INPUT RECORDS:
■ ■ ■ ■

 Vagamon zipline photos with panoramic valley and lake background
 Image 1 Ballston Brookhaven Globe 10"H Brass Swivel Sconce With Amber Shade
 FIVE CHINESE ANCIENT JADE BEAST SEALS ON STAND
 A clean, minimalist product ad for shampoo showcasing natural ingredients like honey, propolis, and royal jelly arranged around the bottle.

■ ■ ■ ■

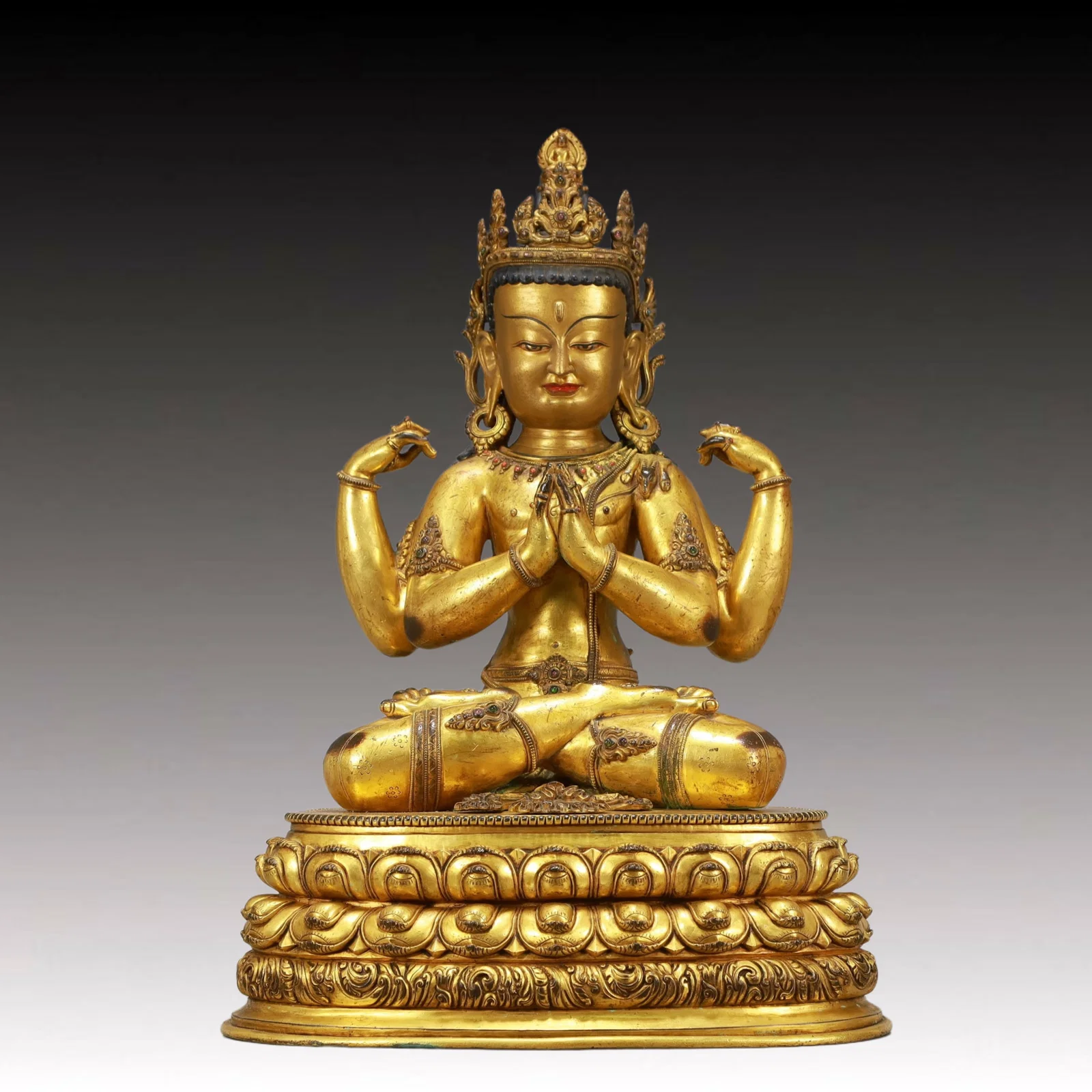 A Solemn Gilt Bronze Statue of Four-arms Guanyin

■ ■ ■ ■

WORK TO BE COMPLETED:
Of the entries above, transcribe exactly those lines that fall between the line containing "Image 1 Ballston" and the line containing "A clean, minimalist", together with those two lines.

SOLUTION FOR THIS TASK:
 Image 1 Ballston Brookhaven Globe 10"H Brass Swivel Sconce With Amber Shade
 FIVE CHINESE ANCIENT JADE BEAST SEALS ON STAND
 A clean, minimalist product ad for shampoo showcasing natural ingredients like honey, propolis, and royal jelly arranged around the bottle.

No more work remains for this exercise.